Yes, Darik heard it. A rasping sound like dry, drifting leaves floated along the wind from the north. He felt something too, sniffing, searching for them.
They shrank against the mud wall of a low-slung slave house. Quiet murmurs drifted through an open window and the smell of a cook fire followed. The rasping noise paused at the dark head of the alley, then scurried further down the main street that passed through the quarter. Markal and Whelan let out deep sighs and Darik realize that he, too, had been holding his breath.
But just when Da
rik thought the danger past, the rasping came back to the alley. Blue light flickered and Darik saw his first wights. They merged together and dissolved, sometimes separate, sometimes moving in a solid blue flame of light. When they moved separately, they took the figures of slaves and beggars, noble ladies, and merchants. And their eyes! Both purposeful and completely insane in turns.
“Run!” Whelan cried.
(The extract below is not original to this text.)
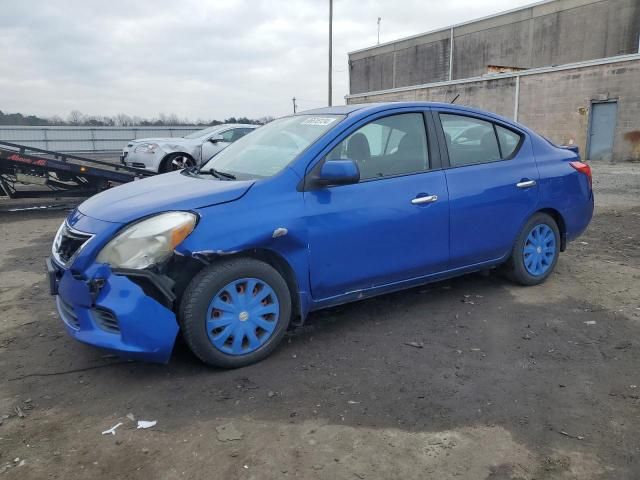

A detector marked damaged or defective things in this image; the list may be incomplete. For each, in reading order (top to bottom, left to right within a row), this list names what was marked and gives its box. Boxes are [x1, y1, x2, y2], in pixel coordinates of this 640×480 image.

damaged hood [77, 172, 252, 224]
cracked bumper [48, 258, 179, 364]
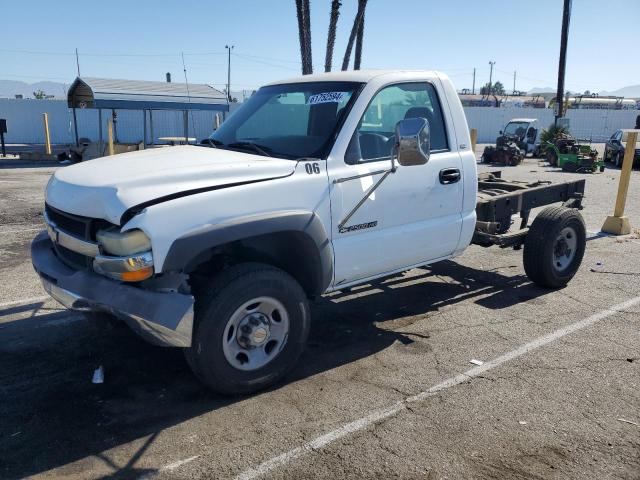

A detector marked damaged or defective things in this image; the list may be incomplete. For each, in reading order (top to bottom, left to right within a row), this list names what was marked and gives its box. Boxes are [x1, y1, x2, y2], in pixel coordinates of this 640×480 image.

damaged front bumper [30, 231, 194, 346]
They turned and ran, with wights screaming in pursuit behind them.
The alley, narrow to begin with, choked to a bare gap between two buildings at the far end before opening onto the street beyond. Rubbish clogged its far end: heaps of rags, broken crates, the gnawed body of a cat. A bony dog yelped from the shadows when they approached, struggling to pull free some bit of filth it had been eating, then saw the wights and fled. The three slaves pushed through the garbage, kicking up a stench.
The wights caught them before they could get through. Darik turned to see one leaping at his throat with outstretched arms. He threw up his hands to protect himself and slipped in the filth. The wight fell on him, slicing its claws across his face. Darik kicked it away, but his blow felt like kicking through sand. The wight screamed and slashed at his unprotected belly. Other wights boiled down the alley to join the fight.
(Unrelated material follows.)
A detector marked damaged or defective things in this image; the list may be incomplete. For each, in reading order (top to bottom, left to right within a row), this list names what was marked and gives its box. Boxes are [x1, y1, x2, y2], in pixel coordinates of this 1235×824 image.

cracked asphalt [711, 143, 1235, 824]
With a cry, Whelan threw himself between them, sword in hand. It glowed as bright as a fiercely burning torch. Under its blaze, the wight shrieked and scuttled backwards on its belly, but as it drew backwards, it pulled strength from the others who surged forward in a wave of blue spirits. Whelan stabbed his sword into the wights, who flowed around the blade like he’d thrust it into water. The wights pulled back at the attack, then crested to strike again.
“No!” Markal cried behind them. “At its head. Its head.”
Darik saw what Markal meant. Wights rose and crested: a mass of limbs and heads and eyes. But behind the individual wights, he saw something else, as if his eyes had become slightly unfocused. Collectively, the wights formed a horned serpent with coils of blue light, and a head with a tongue that darted out and tasted the air. The head reared back to strike. Darik fell back next to Markal, the burning pain across his face fading with the fear of the moment.